Most of the standards concersions I've seen were very obviously done
with the field/frame interpolation which takes portions of one
field/frame and puts it into another, which always creates ghosting and
other artifacts. While this can be minimized by additional processing,
the result is a much softer picture, and usually (though I don't
understand why) desaturated and otherwise poor color.
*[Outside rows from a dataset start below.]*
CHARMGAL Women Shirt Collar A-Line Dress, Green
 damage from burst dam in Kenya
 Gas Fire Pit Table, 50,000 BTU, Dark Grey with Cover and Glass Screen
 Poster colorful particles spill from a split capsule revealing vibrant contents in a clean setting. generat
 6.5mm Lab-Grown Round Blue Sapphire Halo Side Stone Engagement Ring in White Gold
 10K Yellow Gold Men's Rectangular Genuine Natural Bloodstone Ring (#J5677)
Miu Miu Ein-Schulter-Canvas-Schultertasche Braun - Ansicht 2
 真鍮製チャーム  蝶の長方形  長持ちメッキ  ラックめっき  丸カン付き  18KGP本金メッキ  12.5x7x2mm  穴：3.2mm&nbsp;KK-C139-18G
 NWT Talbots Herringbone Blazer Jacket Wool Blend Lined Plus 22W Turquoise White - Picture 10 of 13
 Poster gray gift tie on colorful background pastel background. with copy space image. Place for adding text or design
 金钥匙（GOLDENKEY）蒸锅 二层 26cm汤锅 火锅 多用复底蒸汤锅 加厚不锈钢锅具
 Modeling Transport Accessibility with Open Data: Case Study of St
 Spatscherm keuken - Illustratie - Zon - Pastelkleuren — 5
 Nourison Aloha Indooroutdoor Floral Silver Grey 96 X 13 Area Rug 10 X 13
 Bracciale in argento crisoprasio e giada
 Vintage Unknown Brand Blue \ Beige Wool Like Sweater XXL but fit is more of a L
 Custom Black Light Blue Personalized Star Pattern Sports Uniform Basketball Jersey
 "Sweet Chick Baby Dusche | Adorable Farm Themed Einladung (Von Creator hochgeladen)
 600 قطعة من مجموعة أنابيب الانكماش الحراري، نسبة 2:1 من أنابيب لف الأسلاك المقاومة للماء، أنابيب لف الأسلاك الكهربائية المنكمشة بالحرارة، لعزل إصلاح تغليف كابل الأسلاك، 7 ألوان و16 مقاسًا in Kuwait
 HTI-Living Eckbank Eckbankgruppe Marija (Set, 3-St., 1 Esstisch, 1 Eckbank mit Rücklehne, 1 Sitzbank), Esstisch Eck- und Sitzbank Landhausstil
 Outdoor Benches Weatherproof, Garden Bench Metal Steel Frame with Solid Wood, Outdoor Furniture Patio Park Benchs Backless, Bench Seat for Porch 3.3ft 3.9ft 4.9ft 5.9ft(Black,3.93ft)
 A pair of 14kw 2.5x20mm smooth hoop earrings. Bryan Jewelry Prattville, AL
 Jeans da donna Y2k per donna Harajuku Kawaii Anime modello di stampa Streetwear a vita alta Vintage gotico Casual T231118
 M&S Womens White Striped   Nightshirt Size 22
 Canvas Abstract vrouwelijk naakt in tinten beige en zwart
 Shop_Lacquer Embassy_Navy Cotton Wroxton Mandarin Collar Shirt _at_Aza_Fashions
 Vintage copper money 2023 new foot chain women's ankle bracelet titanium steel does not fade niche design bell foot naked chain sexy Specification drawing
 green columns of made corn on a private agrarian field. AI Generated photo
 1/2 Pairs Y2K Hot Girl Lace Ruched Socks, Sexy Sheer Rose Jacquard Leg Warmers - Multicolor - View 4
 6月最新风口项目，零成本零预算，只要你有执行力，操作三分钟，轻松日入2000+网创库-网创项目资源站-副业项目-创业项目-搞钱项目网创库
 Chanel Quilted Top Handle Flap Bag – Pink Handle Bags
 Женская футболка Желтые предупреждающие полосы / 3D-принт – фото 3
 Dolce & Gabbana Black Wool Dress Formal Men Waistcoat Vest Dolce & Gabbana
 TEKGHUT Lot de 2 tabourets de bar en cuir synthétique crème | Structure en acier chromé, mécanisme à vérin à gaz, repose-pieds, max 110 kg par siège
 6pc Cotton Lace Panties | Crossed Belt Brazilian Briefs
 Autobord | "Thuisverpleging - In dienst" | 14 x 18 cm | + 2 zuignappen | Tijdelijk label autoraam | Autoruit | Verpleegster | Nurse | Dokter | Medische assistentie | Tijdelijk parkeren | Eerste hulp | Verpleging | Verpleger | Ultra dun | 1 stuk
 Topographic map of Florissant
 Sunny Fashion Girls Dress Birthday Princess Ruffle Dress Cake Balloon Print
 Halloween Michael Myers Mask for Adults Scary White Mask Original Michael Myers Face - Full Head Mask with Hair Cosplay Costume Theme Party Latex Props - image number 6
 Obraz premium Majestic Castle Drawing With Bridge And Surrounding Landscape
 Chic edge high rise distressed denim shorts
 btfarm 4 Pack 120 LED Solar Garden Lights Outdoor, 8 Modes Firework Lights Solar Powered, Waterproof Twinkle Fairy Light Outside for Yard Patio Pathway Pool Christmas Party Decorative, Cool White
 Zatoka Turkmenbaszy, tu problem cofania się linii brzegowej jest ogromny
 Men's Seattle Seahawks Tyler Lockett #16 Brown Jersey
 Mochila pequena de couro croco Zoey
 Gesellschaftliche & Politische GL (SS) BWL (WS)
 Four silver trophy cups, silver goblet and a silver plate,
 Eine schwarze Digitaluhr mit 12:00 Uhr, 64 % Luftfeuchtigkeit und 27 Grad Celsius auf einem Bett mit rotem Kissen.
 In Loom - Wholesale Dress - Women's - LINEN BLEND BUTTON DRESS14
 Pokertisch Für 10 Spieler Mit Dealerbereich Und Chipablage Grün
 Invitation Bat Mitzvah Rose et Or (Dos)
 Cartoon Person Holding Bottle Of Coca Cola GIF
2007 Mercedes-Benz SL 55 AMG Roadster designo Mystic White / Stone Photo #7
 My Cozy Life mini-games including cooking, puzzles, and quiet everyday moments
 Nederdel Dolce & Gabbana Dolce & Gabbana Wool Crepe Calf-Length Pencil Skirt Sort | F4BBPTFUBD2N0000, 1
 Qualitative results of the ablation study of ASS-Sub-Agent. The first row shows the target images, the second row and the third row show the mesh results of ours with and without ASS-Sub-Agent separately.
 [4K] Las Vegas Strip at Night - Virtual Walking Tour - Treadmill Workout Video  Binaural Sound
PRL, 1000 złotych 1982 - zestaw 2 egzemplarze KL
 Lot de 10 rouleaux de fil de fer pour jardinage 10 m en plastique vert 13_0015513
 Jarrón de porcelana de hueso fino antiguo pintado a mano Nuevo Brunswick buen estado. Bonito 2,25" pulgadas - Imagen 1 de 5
>>>Where frame rate conversion is required (say from 60i/p to 50i/p)
>>>standards convesion is improving now to the point where 50->60 and
>>>60->50 conversion is more transparent than MPEG2 encoding... (i.e.
>>>more motion artefacts are introduced by the MPEG process than the
>>>conversion) Using phase correlation techniques especially means it
>>>is not a major issue.
>>
>>I'm very skeptical re standards conversions because I've seen so many
>>that looked atrocious.
>
> They have got massively better in recent years. You get what you pay for.
> In the last 3 or 4 years the Snell and Wilcox Alchemist PhC and Platinum
> conversions approach transparency - even on fast moving sports.
>
> We also have the problem in the UK of having to un-pick 3:2 pull-down of US
> film transfers, as the non-continuous movement confuses motion tracking,
> instead the 3rd redundant field has to be detected and removed. So we go
> from 60i 3:2 to 48i 2:2 using DEFT (Digital Electronic Film Transfer -
> another S&W technique) and then speed up to 50i. It works really well on US
> film drama edited on 480/60i tape. You only notice the slight softness
> difference between 480 and 576 - which is far less obvious than the 3.58NTSC
> vs 4.43PAL softness difference.
>
>>After all the effort to restore "Brideshead Revisited" the NTSC
>>broadcasts (and DVDs) were literally unwatchable.
>
> Well the broadcasts will have been made on 1980s converters. I'm
> disappointed that the DVDs were standards converted at all - AIUI Brideshead
> was shot and edited on film so could have been telecined from the film
> masters to 480/60i or 480/24p for DVD mastering. You'd have probably had a
> slow-down if this were the case as I suspect the UK TV production will have
> been shot 25fps film rather than 24fps (as in Europe film-for-TV is normally
> shot at 25 rather than 24)
>
> The chances are that if the DVD was mastered from the UK VT transfer it may
> well have been the 1980s 1" C format PAL, and the telecine-ing would have
> happened in the 80s as well, if it were mastered from the US broadcast
> masters made in the 80s it will have had a pretty bad conversion as well I
> imagine. Telecine and conversion technology has moved on a-pace since the
> 80s and even the mid 90s...
>
> There are of course all the usual DVD mastering annoyances as well - too
> much noise reduction, excessive compression and addition aperture correction
> etc.

I'm fairly sure the NTSC discs were new conversions (the color was
improved, and identical to the new PAL discs). For some reason they
were just done incredibly badly. I got the PAL discs when they became
available and they are fine.

The R1/NTSC discs, though, are appalling for the unending chop-chop
arising from sub-mediocre frame/field interpolation, especially for
moderate pans and rolling credits.

>>Ditto for the new "Forsyte Saga" (though the PAL DVDs for this were
>>pretty bad too).
>
> Again - a commercial DVD release - presumably not optimised for quality.
> There seem to be a massive range in quality of UK DVD releases - the good
> ones are very good, the bad ones are terrible. The best feature film
> transfers are sourced from 1080/24p HD masters - which are converted to
> 576/50i (576/25p) via scaling and speed-up.
>
> For high quality R1 PAL video and film DVD remastering the Dr Who
> Restoration Team have worked marvels. They use a BBC R&D PAL decoder to
> transfer the D3 copies of the 2" or 1" video masters (which leaves almost no
> composite artefacts), and where possible re-transfer and re-grade any film
> inserts that remain as film in the BBC archive. The quality is often
> stunningly good.

I've noted that the quality of PAL discs seems to vary a lot, and I've
been disappointed often by the discs for UK TV series.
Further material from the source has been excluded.